Problem to solve:
Word for word, copy out the entries below, but not the pictures in them.

(Collected data)
——
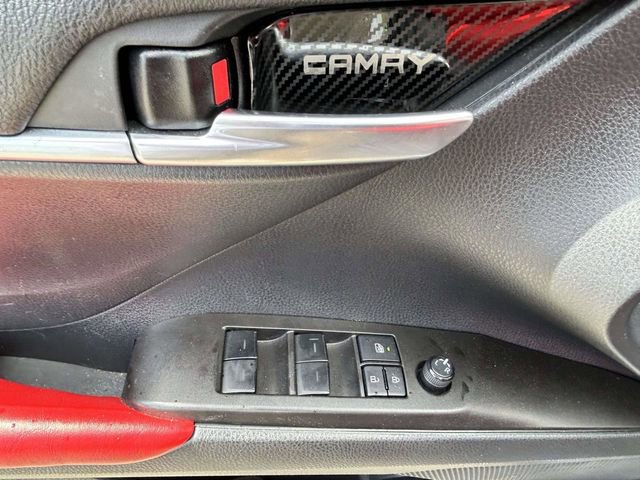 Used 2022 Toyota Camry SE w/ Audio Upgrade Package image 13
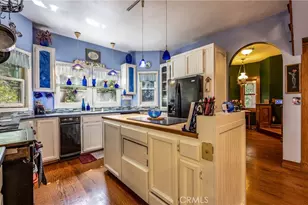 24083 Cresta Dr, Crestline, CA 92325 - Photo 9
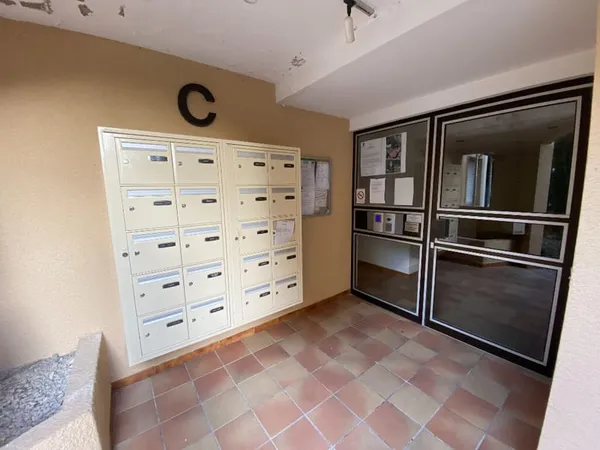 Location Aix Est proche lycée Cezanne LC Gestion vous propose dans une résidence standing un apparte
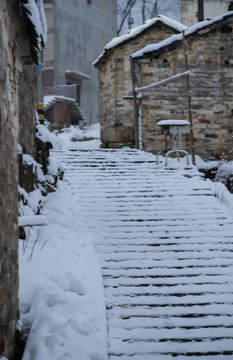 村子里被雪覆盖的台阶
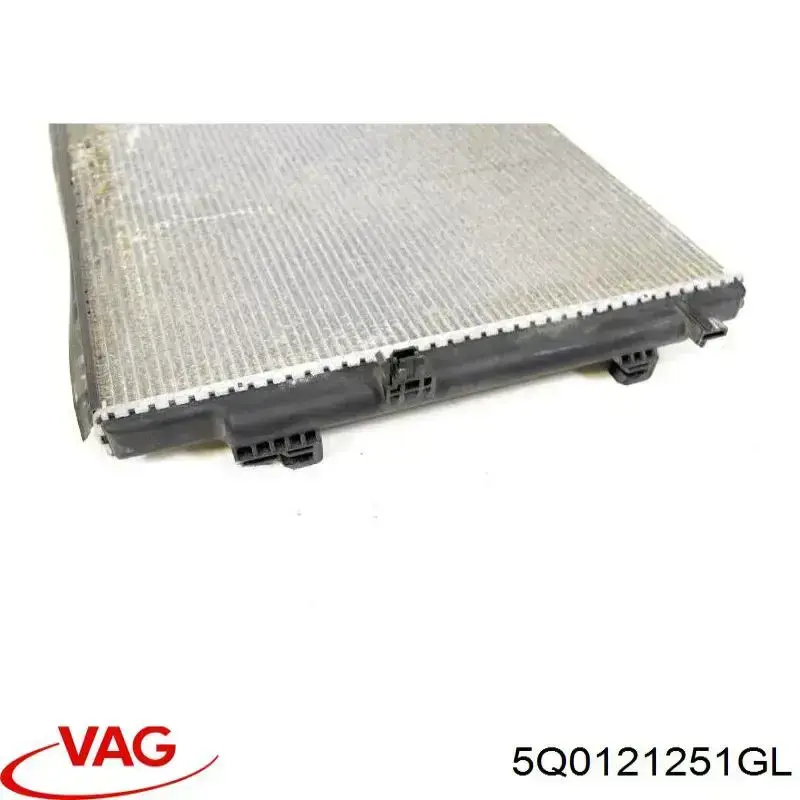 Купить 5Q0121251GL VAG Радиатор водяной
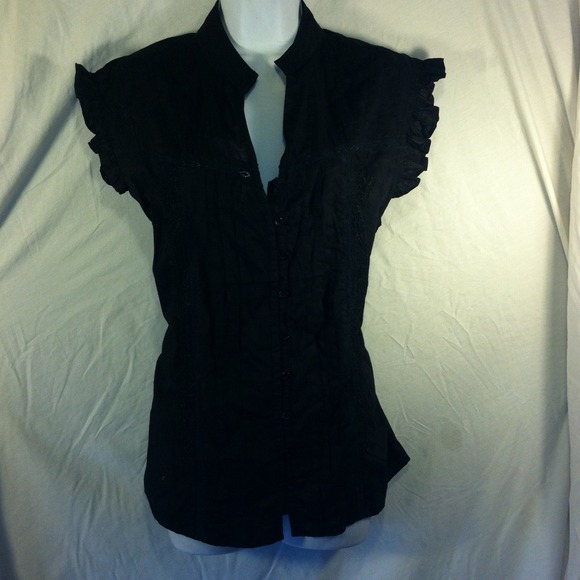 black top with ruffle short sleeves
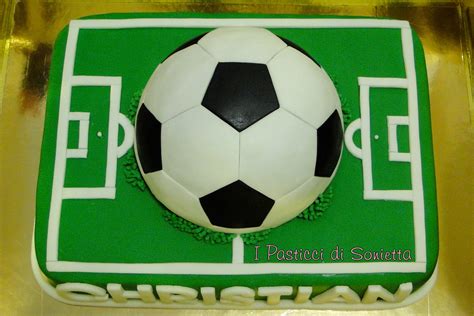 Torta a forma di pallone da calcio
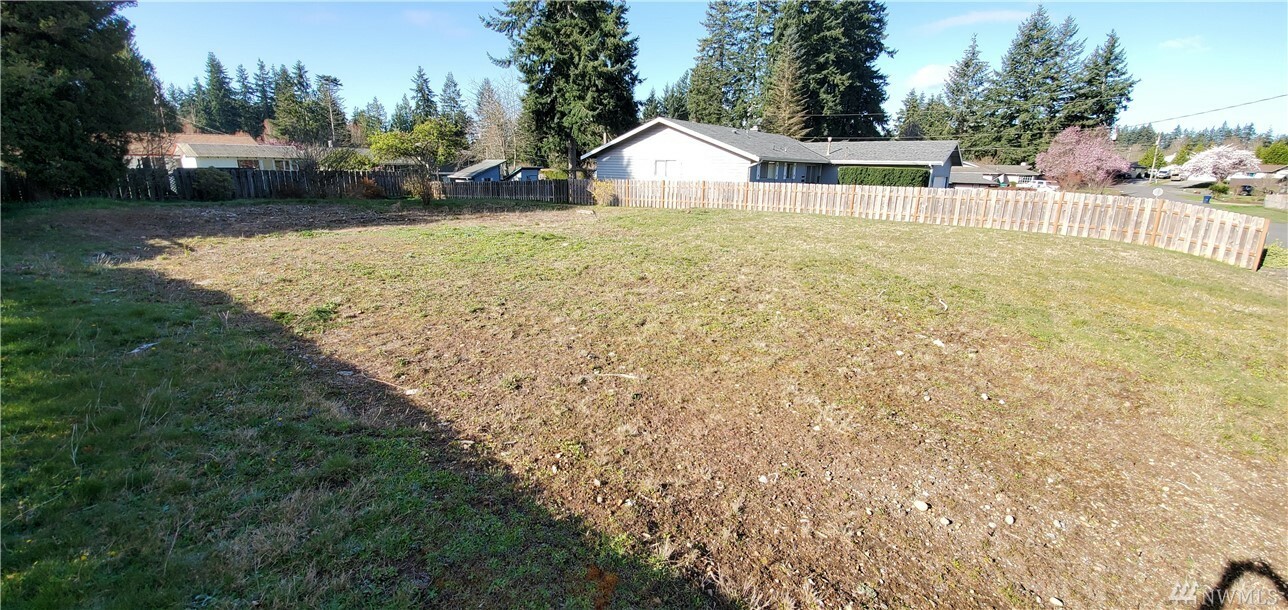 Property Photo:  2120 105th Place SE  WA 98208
——
Answer section:
 Used 2022 Toyota Camry SE w/ Audio Upgrade Package image 13
 24083 Cresta Dr, Crestline, CA 92325 - Photo 9
 Location Aix Est proche lycée Cezanne LC Gestion vous propose dans une résidence standing un apparte
 村子里被雪覆盖的台阶
 Купить 5Q0121251GL VAG Радиатор водяной
 black top with ruffle short sleeves
 Torta a forma di pallone da calcio
 Property Photo:  2120 105th Place SE  WA 98208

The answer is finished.